Line by line, retype the material exactly and leave each picture out.

(Collected material begins)

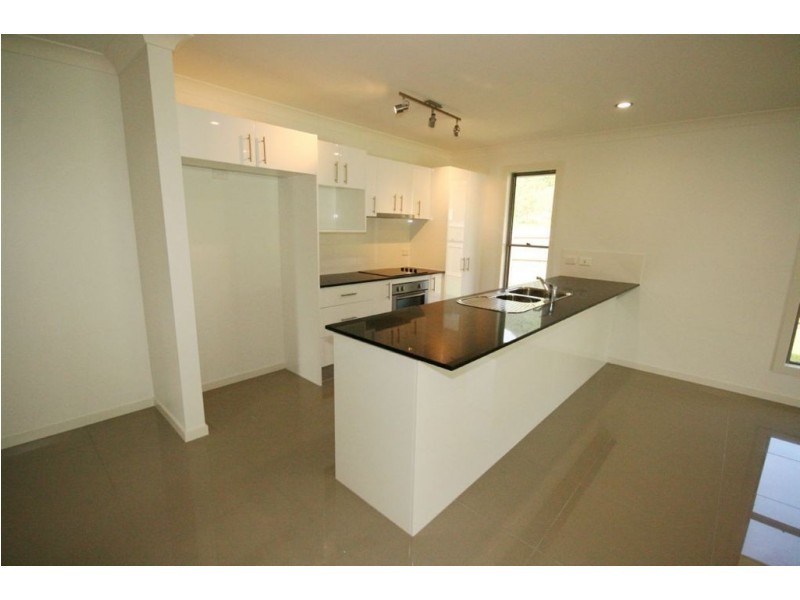 10 Endeavour Circuit, Cannonvale QLD 4802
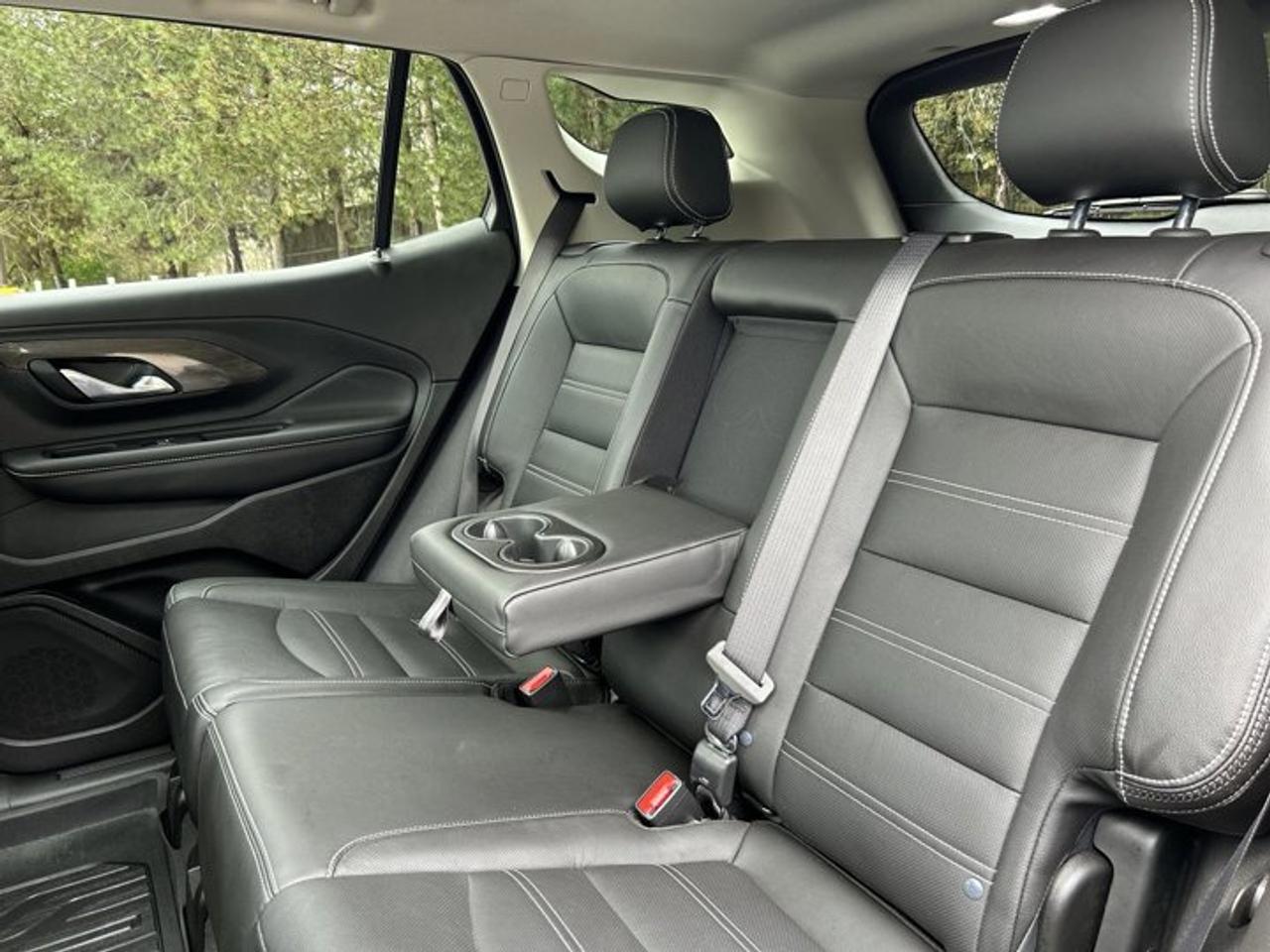 2024 GMC Terrain Denali AWD | No accidents | Panoramic Sunroof | Leather Seats Photo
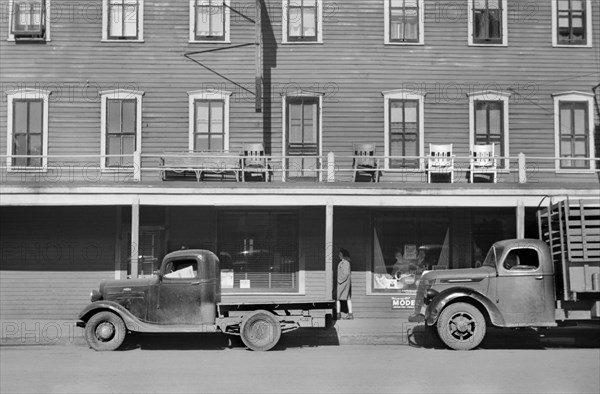 Hotel, Aberdeen South Dakota, USA, John Vachon, Farm Security Administration, November 1940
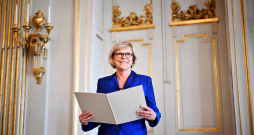 Kanādiešu rakstniecei Annai Kārsonei Stokholmā tiek pasniegta Nobela prēmija literatūrā 2026.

(Collected material ends)

● **Result**
 10 Endeavour Circuit, Cannonvale QLD 4802
 2024 GMC Terrain Denali AWD | No accidents | Panoramic Sunroof | Leather Seats Photo
 Hotel, Aberdeen South Dakota, USA, John Vachon, Farm Security Administration, November 1940
 Kanādiešu rakstniecei Annai Kārsonei Stokholmā tiek pasniegta Nobela prēmija literatūrā 2026.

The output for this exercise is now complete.